▶ [What you need to do]:
Repeat the data exactly as given below, dropping every picture.

▶ [Data segment]:
************
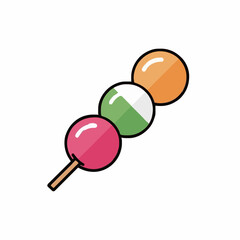 Pixel Art Dango Skewer With Three Colorful Mochi Balls Pink Green Orange On White Background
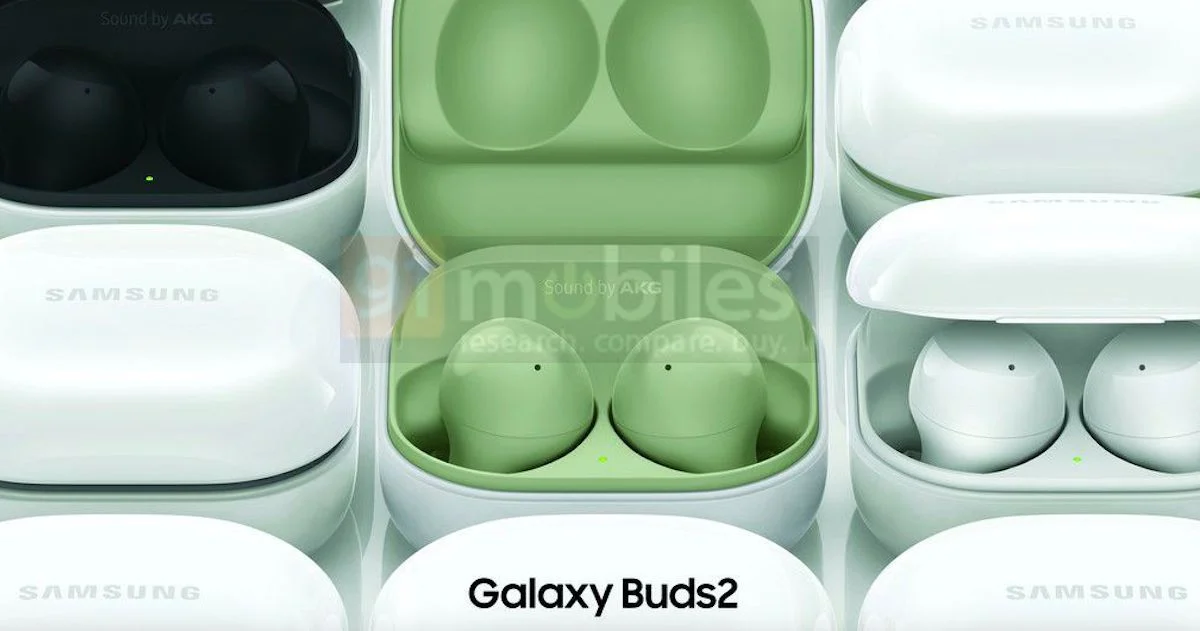 Suposto design do Galaxy Buds 2, segundo o 91 Mobiles. (Fonte: 91 Mobiles / Reprodução)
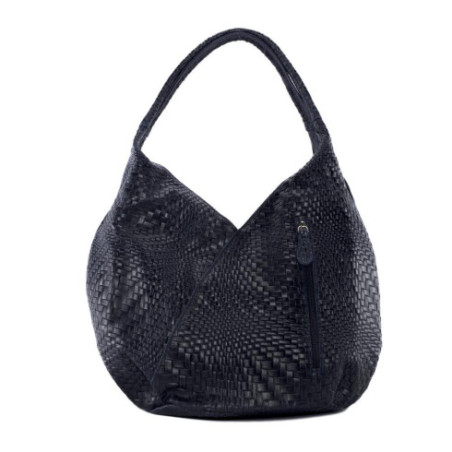 Sac hobo tendance femme en cuir embossé tressage porté épaule bleu foncé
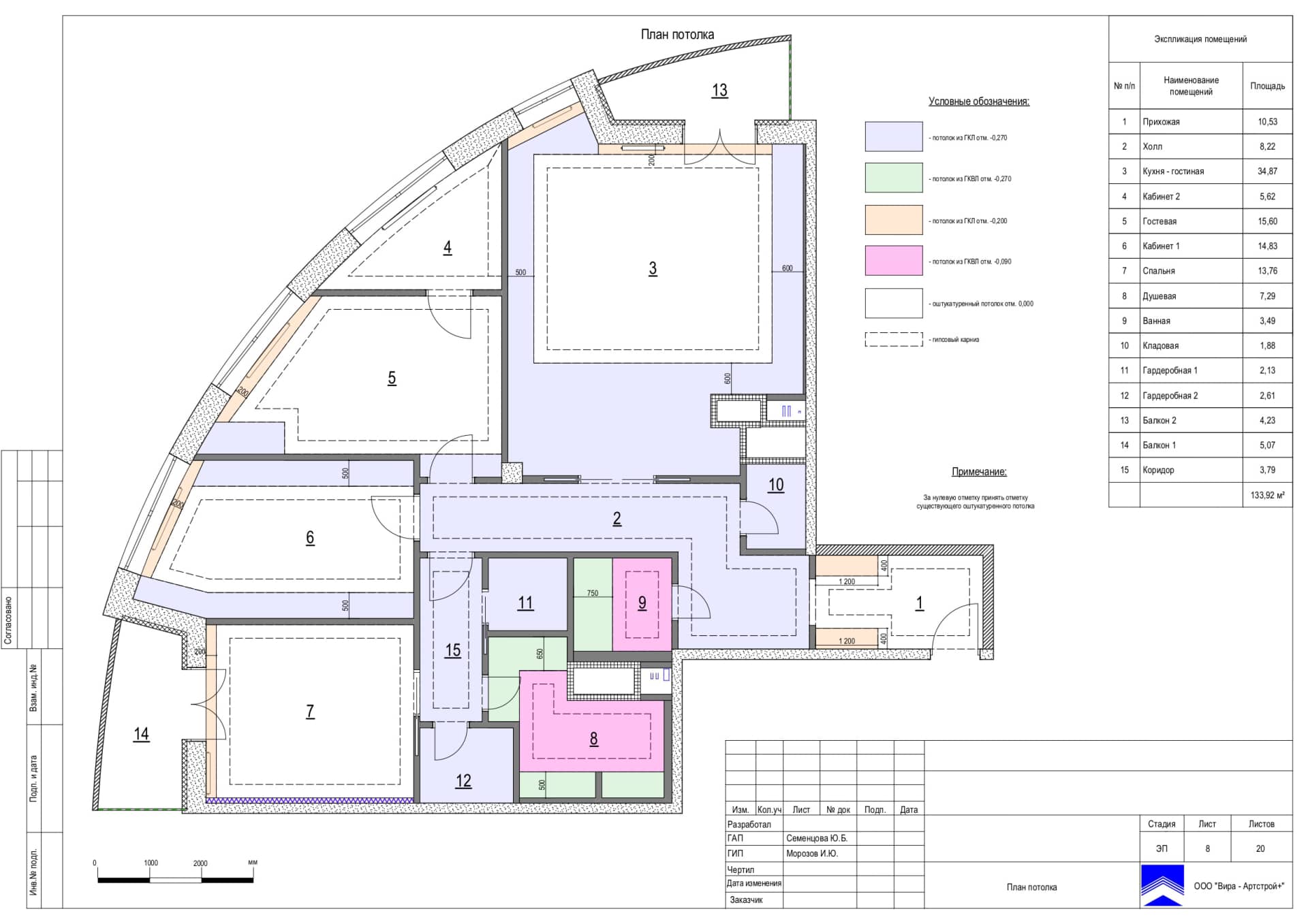 План потолка, квартира 134 м² в ЖК «Английский квартал»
************
▶ [Answer to this exercise]:
 Pixel Art Dango Skewer With Three Colorful Mochi Balls Pink Green Orange On White Background
 Suposto design do Galaxy Buds 2, segundo o 91 Mobiles. (Fonte: 91 Mobiles / Reprodução)
 Sac hobo tendance femme en cuir embossé tressage porté épaule bleu foncé
 План потолка, квартира 134 м² в ЖК «Английский квартал»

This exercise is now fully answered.